Die Berichte des SWR über die Umsetzung des Deutschlandtakts haben mittlerweile etliche Reaktionen ausgelöst. Während Thorsten Krenz, der Konzernbevollmächtigte der DB für Baden-Württemberg, dem SWR "einseitige, hochselektive und teils schlicht falsche Behauptungen" vorwirft, hat Landesverkehrsminister Winfried Hermann (Grüne) den Engpass im neuen Stuttgarter Bahnknoten bestätigt. Er fordert deshalb einen "Kopfbahnhof light". In einem Schreiben forderte Hermann Krenz zu weiteren zeitnahen Gesprächen zum Bahnknoten Stuttgart auf.

Teile der Baugruben des Hauptbahnhofes in Stuttgart mit den Ausschachtungen vor Arnulf Klett und Königsstrasse (Foto: picture-alliance / Reportdienste, picture alliance)
Teile der Baugruben des Stuttgarter Hauptbahnhofes mit den Ausschachtungen vor der Königsstrasse für die küftig unterirdischen Teile der Gleisanlagen (Archiv). picture alliance

Auch Bahn sieht "Optimierungsbedarf"

Auch die Bahn gibt zu, dass es noch "Optimierungsbedarf" gibt. Es sei "das Ziel der momentan noch laufenden bundesweiten Untersuchungen, Optimierungsbedarf zu identifizieren", heißt es in einem Brief von Thorsten Krenz an die baden-württembergischen Bundestagsabgeordneten, der dem SWR vorliegt. In dem Schreiben heißt es weiter: "Dafür kommen neben weiteren Fahrplanoptimierungen insbesondere auch Infrastrukturmaßnahmen in Betracht." Die Optimierungen mündeten dann in den Anfang 2020 vorgesehenen finalen Gutachterentwurf.

Wie schwierig die Lage in Stuttgart ist, zeigt ein Vergleich mit Hannover. In der niedersächsischen Landeshauptstadt sollen bis 2029 zwei weitere Gleise gebaut werden. Zusätzlich hat das Bundesverkehrsministerium den Bau zweier weiterer Gleise (15 und 16) 2018 in die höchste Ausbaupriorität eingestuft. In Stuttgart sollen dagegen die 16 Gleise im Kopfbahnhof aufgegeben und durch acht Durchgangsgleise im neuen Tiefbahnhof ersetzt werden.
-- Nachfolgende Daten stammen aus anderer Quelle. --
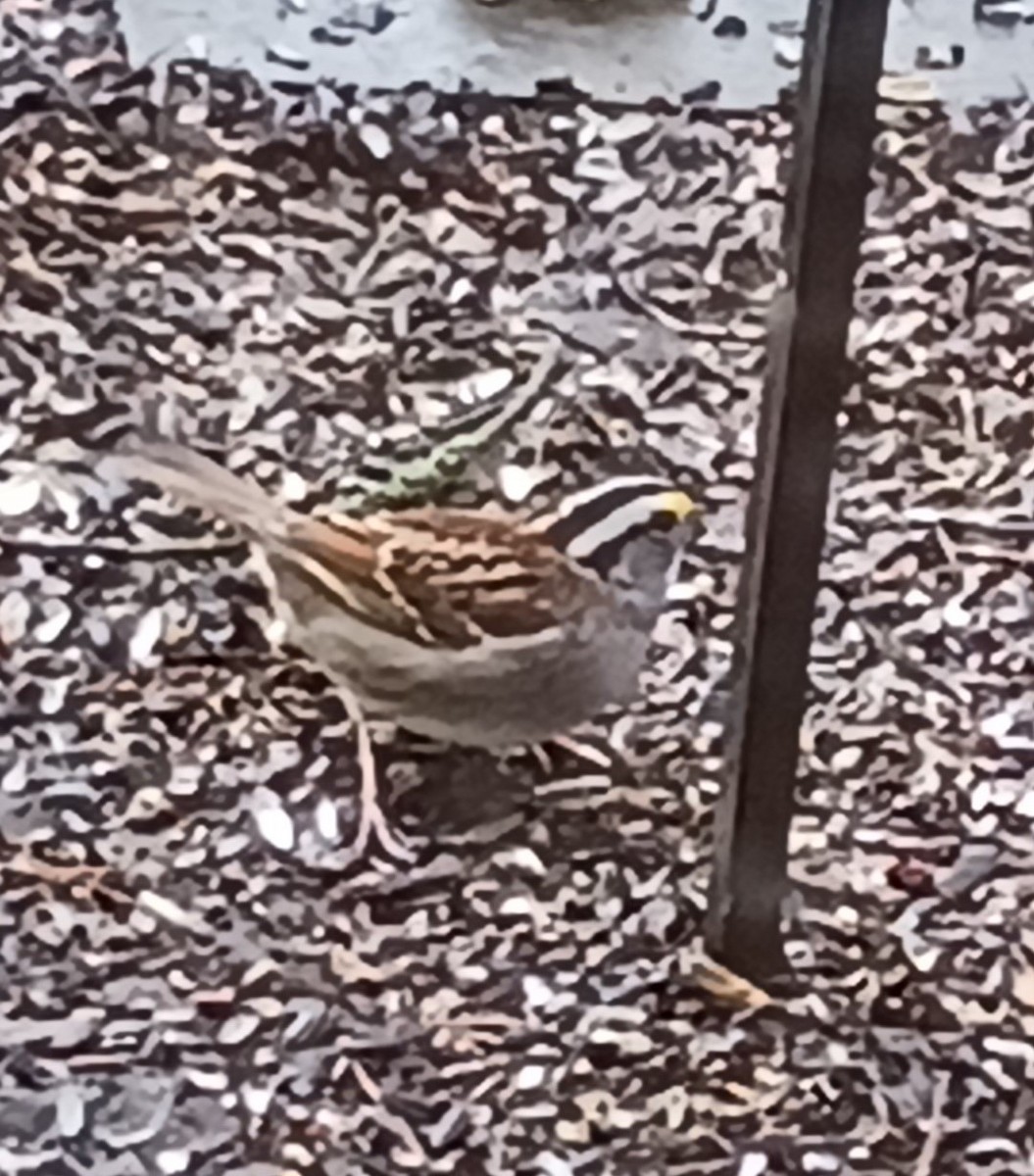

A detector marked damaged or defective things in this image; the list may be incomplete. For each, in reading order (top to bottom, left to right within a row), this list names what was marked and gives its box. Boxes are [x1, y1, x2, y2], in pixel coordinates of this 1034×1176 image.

rusty metal post [706, 0, 894, 978]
Probleme beim Umsteigen erwartet

Der baden-württembergische Bundestagsabgeordnete Matthias Gastel (Grüne) geht davon aus, dass der künftige Stuttgarter Tiefbahnhof mit seinen acht Gleisen und den entsprechenden Zulaufgleisen für den Deutschlandtakt nicht ausreicht. Der bahnpolitische Sprecher der Grünen im Bundestag will in einer Kleinen Anfrage an die Bundesregierung deshalb wissen, wie lange die Umsteigezeiten bestimmter Relationen im künftigen Stuttgarter Tiefbahnhof sind. Unter anderem wollen die Grünen erfahren, ob "bei der Fahrt von Würzburg nach Zürich nach dem zweiten Entwurf des Zielfahrplans 2030 in Stuttgart eine Wartezeit von 58 Minuten entsteht", wie es der SWR berichtet hatte. Außerdem fragt die Fraktion, "welche Ergänzungen zu Stuttgart 21" die Bundesregierung für erforderlich hält, "um die Kapazität des Bahnknotens über dem im Finanzierungsvertrag definierten Umfang hinaus zu erhöhen".

Auch Christoph Engelhardt vom Faktencheck-Portal "Wikireal.org" bestätigt die Untauglichkeit des Stuttgarter Bahnknotens für den geplanten Deutschlandtakt. In einem Schreiben an den SWR zählt Engelhardt weitere Schwachpunkte bei den Fahrmöglichkeiten ab Stuttgart auf. "Nach Heidelberg geht es mit dem 47 Minuten schnellen IC lediglich alle zwei Stunden, da hilft einem der stündliche Regionalzug mit der Fahrzeit von 1 Stunde 54 Minuten nicht weiter." Auch direkt nach Nürnberg, Straßburg und Ludwigshafen gehe es nur alle zwei Stunden. Nach Zürich, Würzburg, Freudenstadt, Sigmaringen, Tuttlingen, Villingen (Schwarzwald-Baar-Kreis) und Singen (Kreis Konstanz) nur jede Stunde.